The impetus for it came from my wanting to blog about why I don’t charge for publishing guest posts on my sites. From there, it spiraled (or degenerated) into what it is.
Table of Contents
- 1. Sell dofollow links under the guise of publishing guest posts
- 2. Paginate for “cash grab” page views
- 3. Use Pretstitial ads
- 4. Badmouth display ads
- 5. Waste big bucks on website design
- 6. Waste time on custom page builders for blog post content
- 7. Format any content
- 8. Strive for perfection
- 9. Focus on building an email list
- Do you disagree with me?
Many bloggers and website publishers, including top-tier sites, charge hundreds of dollars for guest posts. This is a sneaky way of selling links. Whether it’s an “admin” fee or some other “fee”, it’s selling links.
I’m not morally opposed to the practice. If I thought it a good business practice, I’d do it as much as I could.
I don’t do it because Google doesn’t like it.
How will Google catch you?
It’s not likely a Google algo will catch you unless you’re an idiot and sell links to online casinos daily. Having 30% of your content about gambling when you’re in the Christianity niche is a bit of a giveaway, don’t you think? Ha ha, it’s a dead giveaway in any niche except gambling.
The real threat you need to worry about when schlepping links as guest posts is your competition. When your competition gets your email response “hey, awesome to hear from you. Send me $300 USD and I’ll get your guest post published immediately” they’ll send it on over to Larry Page, Sergey Brin and the gang.
I could sell links like those all day long on my bigger niche sites, but who needs the risk? A few thou a month isn’t worth getting chopped at the knees in search. It’s a classic case of penny wise, pound stupid.
If not your competition, some jealous wanna-be blogger will sabotage you.
The practice is risky.
Is it ever worth charging big bucks for guest posts?
If you have a high DA site with traffic but you don’t care what happens to it, sell the links. Turn it into a cash cow and milk it for links.
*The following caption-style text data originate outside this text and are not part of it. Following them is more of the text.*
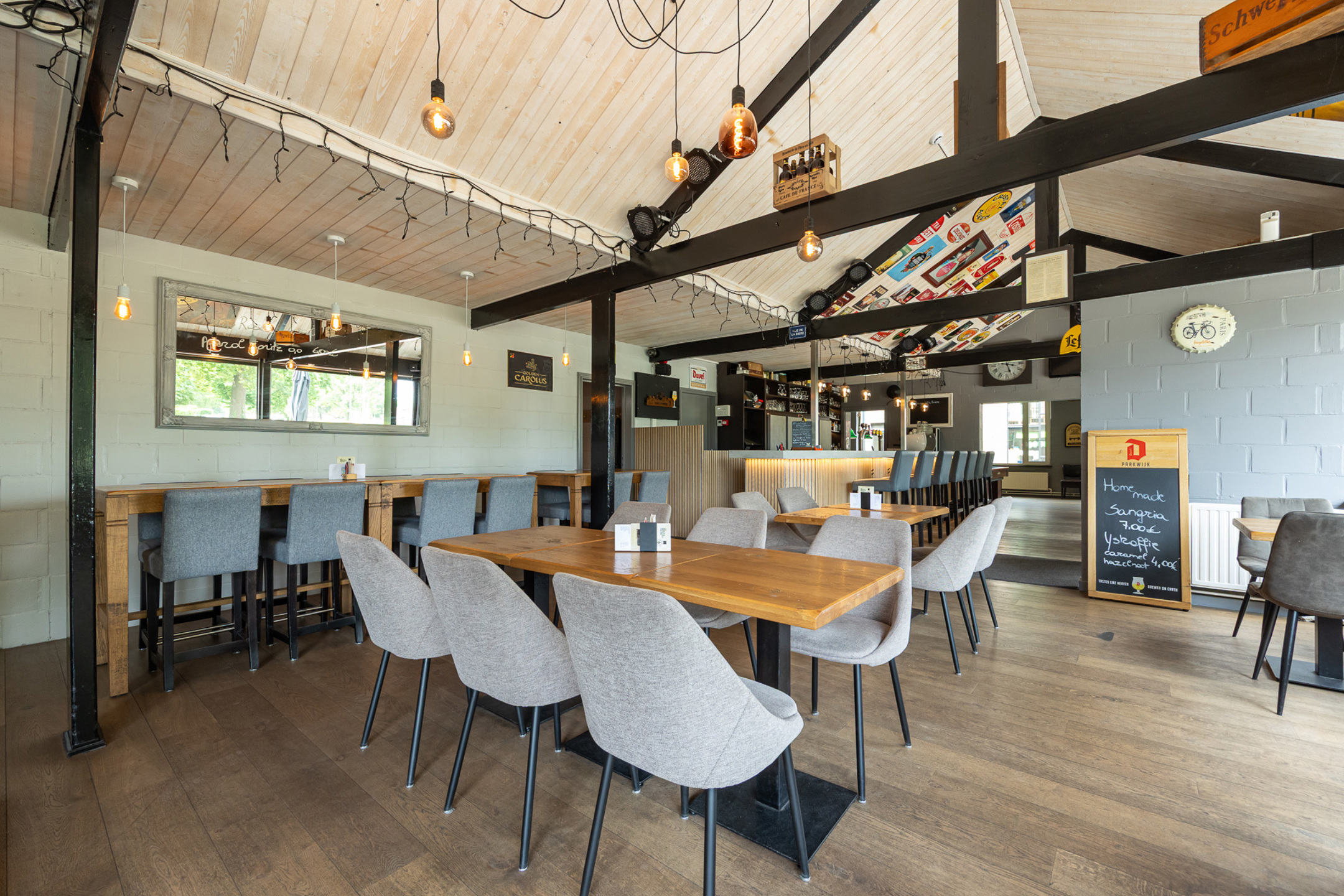 Commercial à vendre à Turnhout - photo 3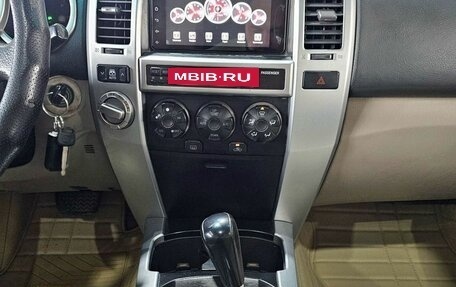 Toyota 4Runner IV, 2002 год, 1 699 000 рублей, 14 фотография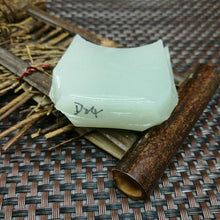 Natural Kunlun Jade Rough Nephrite Raw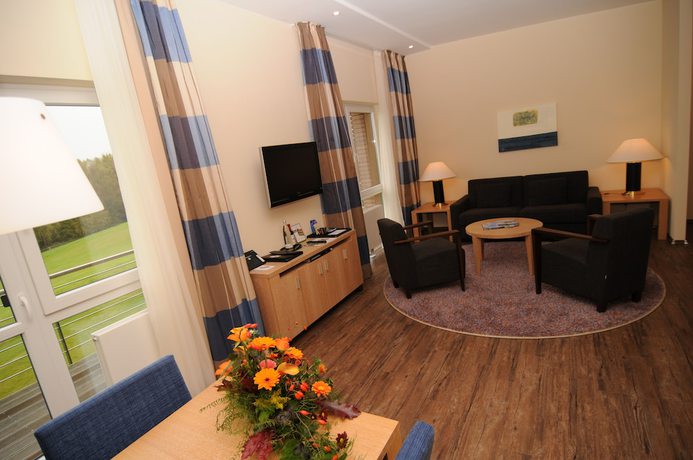 Imagen de la habitación del Hotel Gut Heckenhof and Golfresort. Foto 4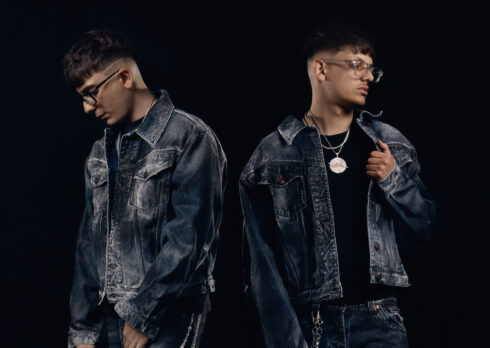 Sadturs & KIID hanno annunciato “NO REGULAR MUSIC 2”
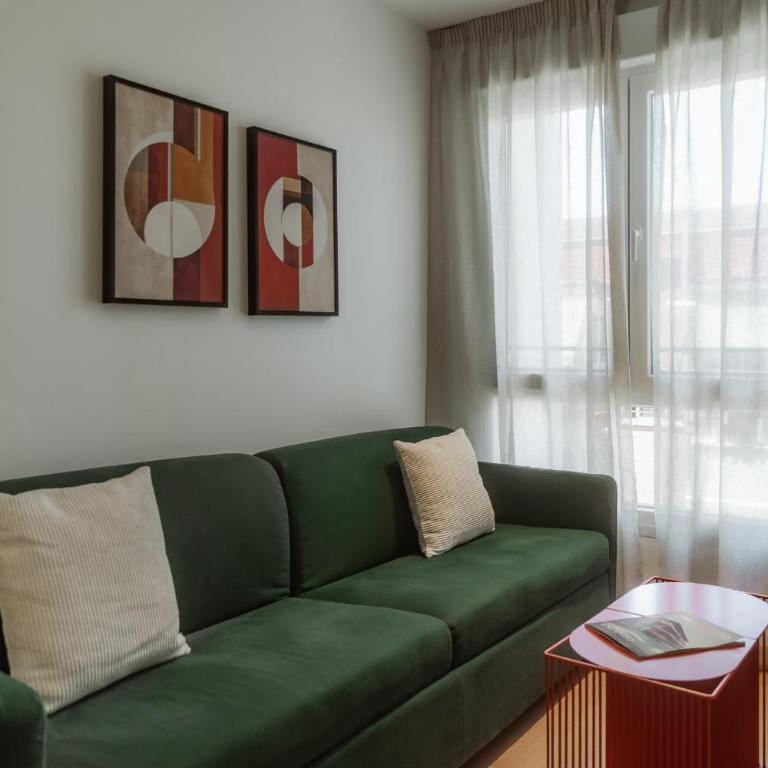 Via Monte Apartments by Olala Homes - Apartamento de 3 dormitorios - 28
I don’t have such a site, but it’s not beyond the realm of possibility to end up with such a site. For example, if no matter what you throw at a DA 40 site, it can’t earn more than $500/mo., you could quadruple that revenue selling guest posts instantly.
2. Paginate for “cash grab” page views
Three days ago I couldn’t resist a native ad on CNN promising to show me the most dangerous roads in the world. The image was awesome. It was some insane road carved into a cliff thousands of feet high. You’d have to a have a death wish to drive it.
Like any 44-year-old guy, I just had to click to see these roads. I knew it would be some time-suck gallery where I’d have to click “next page” for each photo. It took my powers of keen observation to avoid hitting an ad that would take to me an even more obnoxious piece of content.
This is what I call “cash grab pagination.” It’s done to get more page views which equal more money.
They work. I click into them out of curiosity. But I don’t set them up on my sites. I’m organic search guy these days so I stick to the long-form content.
Again, I’m not morally opposed to this stuff. I just don’t want to manage the paid traffic margins day-in and day out. I’d rather focus on building passive income streams (which is a bit of a misnomer itself because organic search traffic requires ongoing work too).
3. Use Pretstitial ads
Some time ago I read something about Google not liking sites that deploy prestitial ads. They’re the super annoying full-screen ads that prevent access to a site. You have to wait for a countdown timer until the site loads.
Forbes.com is renowned for these. I like Forbes.com but won’t click into the site because the prestitial drives me nuts.
I’m all for using ads in clever ways to rake in cash, but prestitials are too much. Now that Google hinted it doesn’t like them, I steer clear.
4. Badmouth display ads
You have to love the “how to get rich online” bloggers who tell everyone only idiots would monetize their site with AdSense. I agree that anyone yammering on about telling people how to get rich online can do better than Adsense. There are high paying affiliate products, courses to sell, coaching to sell, etc. AdSense can’t come close to earning what those options haul in.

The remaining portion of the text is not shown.